In the entries below, find every line holding the string "Used" and collect it.

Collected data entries

Start of Block

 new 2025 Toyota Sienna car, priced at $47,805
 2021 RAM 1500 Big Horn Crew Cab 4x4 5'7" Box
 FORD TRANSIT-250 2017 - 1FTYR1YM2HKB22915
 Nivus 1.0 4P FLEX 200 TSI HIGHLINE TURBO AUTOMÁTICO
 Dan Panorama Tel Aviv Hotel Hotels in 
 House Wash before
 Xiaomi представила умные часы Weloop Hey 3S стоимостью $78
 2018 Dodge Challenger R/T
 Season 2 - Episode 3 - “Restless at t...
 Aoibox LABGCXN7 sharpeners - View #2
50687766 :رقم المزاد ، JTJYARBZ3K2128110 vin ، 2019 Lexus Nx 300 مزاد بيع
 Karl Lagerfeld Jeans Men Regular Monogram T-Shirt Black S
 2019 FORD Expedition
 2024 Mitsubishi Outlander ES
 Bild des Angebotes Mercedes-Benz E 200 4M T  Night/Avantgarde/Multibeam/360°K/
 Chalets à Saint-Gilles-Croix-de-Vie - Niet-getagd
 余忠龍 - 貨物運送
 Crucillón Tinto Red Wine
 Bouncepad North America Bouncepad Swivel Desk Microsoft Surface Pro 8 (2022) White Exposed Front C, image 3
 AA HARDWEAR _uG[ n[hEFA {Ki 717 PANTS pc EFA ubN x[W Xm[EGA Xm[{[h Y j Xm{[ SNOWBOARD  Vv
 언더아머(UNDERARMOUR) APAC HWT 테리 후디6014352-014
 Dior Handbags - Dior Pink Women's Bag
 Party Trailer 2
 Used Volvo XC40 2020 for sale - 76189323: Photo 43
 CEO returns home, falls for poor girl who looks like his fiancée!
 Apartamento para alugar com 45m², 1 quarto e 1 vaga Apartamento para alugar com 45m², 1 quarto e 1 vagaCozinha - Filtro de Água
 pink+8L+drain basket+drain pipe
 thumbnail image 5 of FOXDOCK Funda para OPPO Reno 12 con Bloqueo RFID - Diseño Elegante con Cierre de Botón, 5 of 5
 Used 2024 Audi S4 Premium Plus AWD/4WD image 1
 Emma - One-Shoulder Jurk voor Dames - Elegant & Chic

End of Block

» **Expected answer**:
 Used Volvo XC40 2020 for sale - 76189323: Photo 43
 Used 2024 Audi S4 Premium Plus AWD/4WD image 1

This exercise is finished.